■ ABOUT THIS EXERCISE ■
Your copy should hold only the lines from the one holding "bathroom featuring tile" through the last line of the records below, both included, each exact and with no pictures.

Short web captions
Start of Block

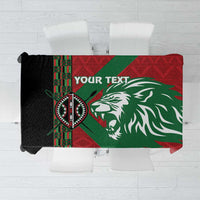 Red and green custom tablecloth with lion head graphic and African pattern panel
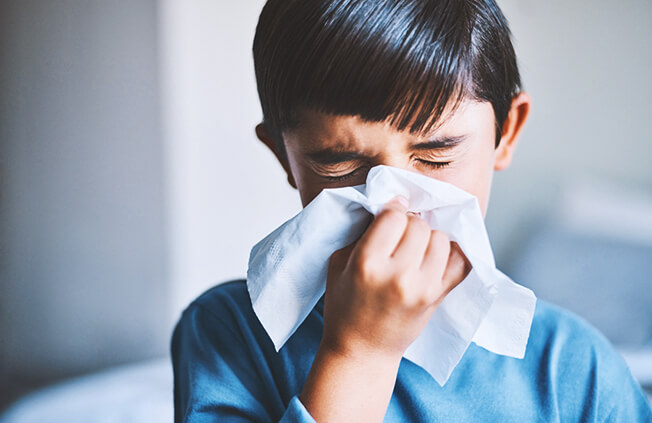 Young boy sneezing into a tissue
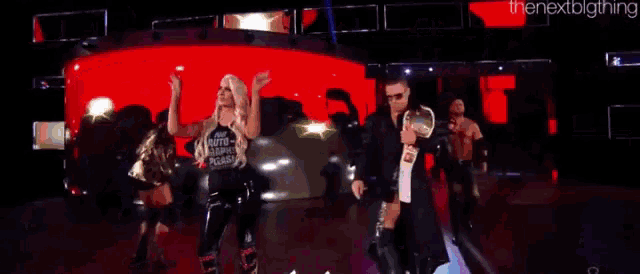 a group of wrestlers are standing on a stage in front of a red background .
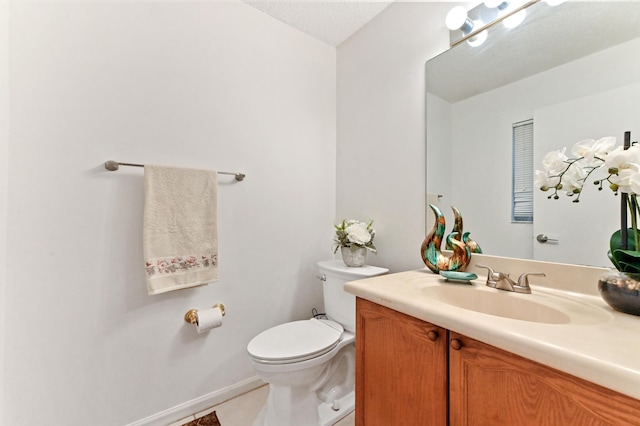 bathroom featuring tile patterned floors, toilet, and vanity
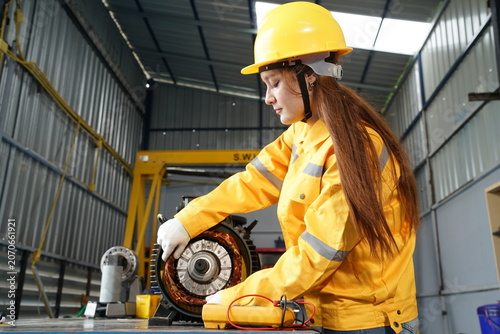 Female Industrial Technician Inspecting Electric Motor in Manufacturing Workshop
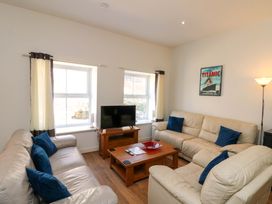 A living room with a television and seating arrangements at Chestnut Cottage in Bridlington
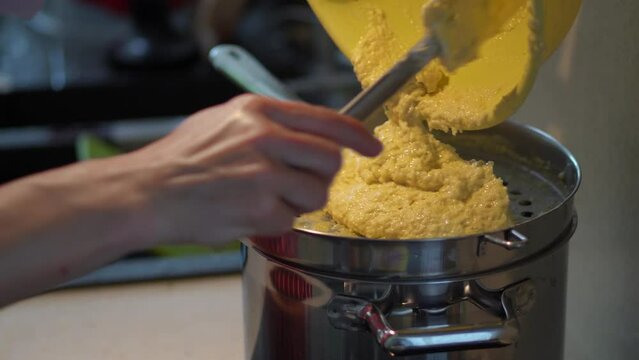 Cooking Bryndzove Halusky - Woman Pour The Batter On Spaetzle Maker With Spatula And Push Through Into The Boiling Water.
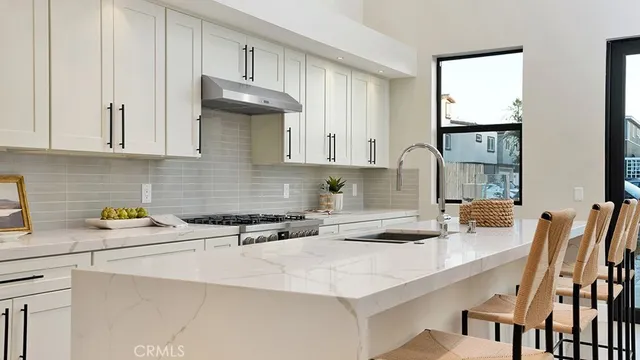 a kitchen with stainless steel appliances granite countertop a sink a stove and cabinets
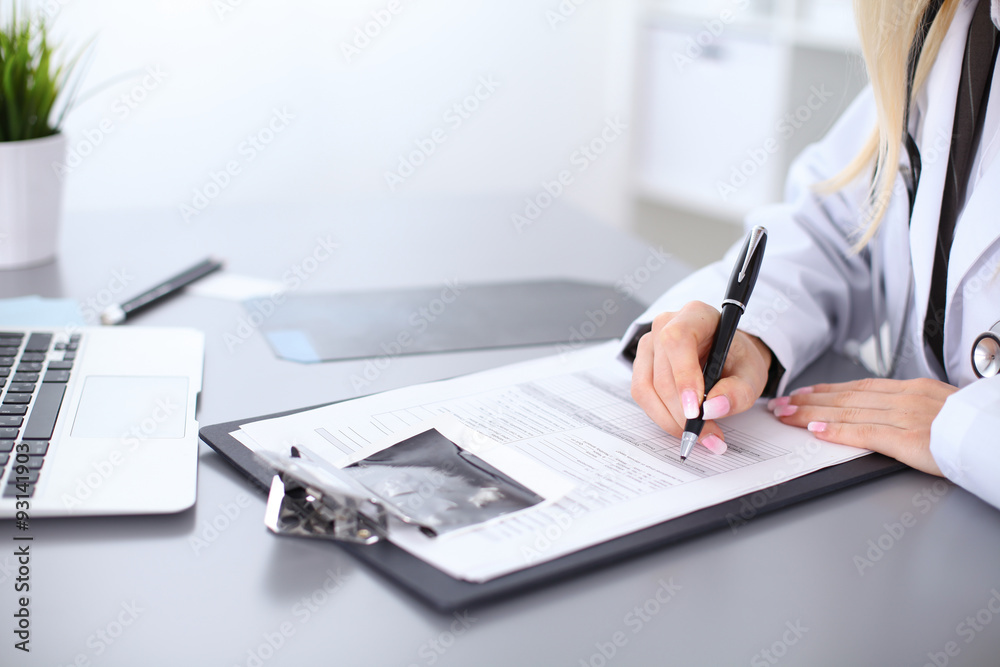 Close up of female doctor filling up a medical history form, sitting at the table in hospital Close up of female doctor filling up a medical history form, sitting at the table in hospital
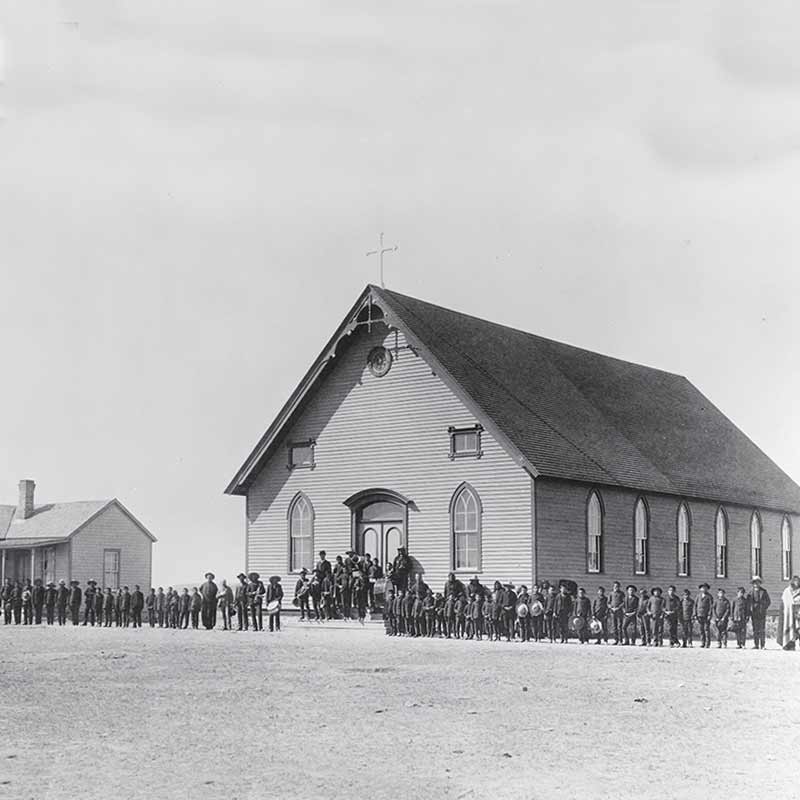 An undated photo likely from the late 19th century of St. Francis Xavier Mission Church and Rectory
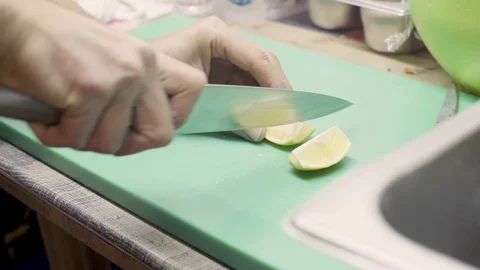 Cutting lime slices on chopping board Stock Footage 106759101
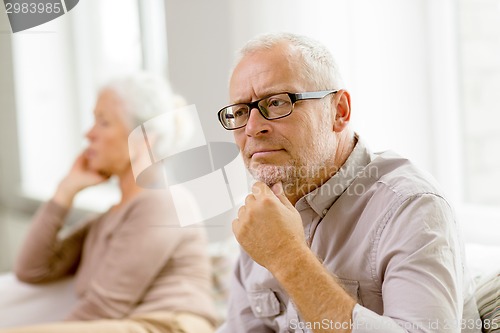 Image of senior couple sitting on sofa at home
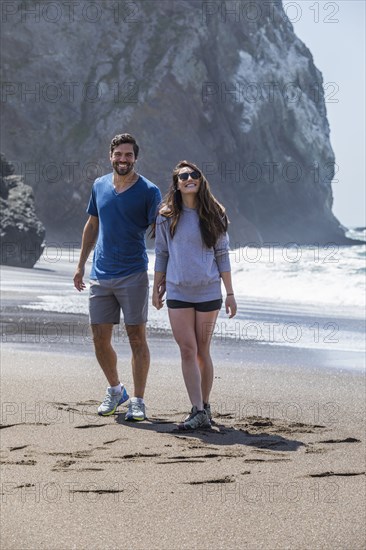 Couple holding hands and walking on beach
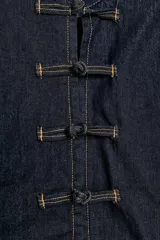 Cazadora de denim azul oscuro, de corte entallado, cuello redondo y manga larga. Cuenta con cierre frontal con alamares y costuras pespunteadas en contraste.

End of Block

■ PROBLEM SOLUTION ■
 bathroom featuring tile patterned floors, toilet, and vanity
 Female Industrial Technician Inspecting Electric Motor in Manufacturing Workshop
 A living room with a television and seating arrangements at Chestnut Cottage in Bridlington
 Cooking Bryndzove Halusky - Woman Pour The Batter On Spaetzle Maker With Spatula And Push Through Into The Boiling Water.
 a kitchen with stainless steel appliances granite countertop a sink a stove and cabinets
 Close up of female doctor filling up a medical history form, sitting at the table in hospital Close up of female doctor filling up a medical history form, sitting at the table in hospital
 An undated photo likely from the late 19th century of St. Francis Xavier Mission Church and Rectory
 Cutting lime slices on chopping board Stock Footage 106759101
 Image of senior couple sitting on sofa at home
 Couple holding hands and walking on beach
 Cazadora de denim azul oscuro, de corte entallado, cuello redondo y manga larga. Cuenta con cierre frontal con alamares y costuras pespunteadas en contraste.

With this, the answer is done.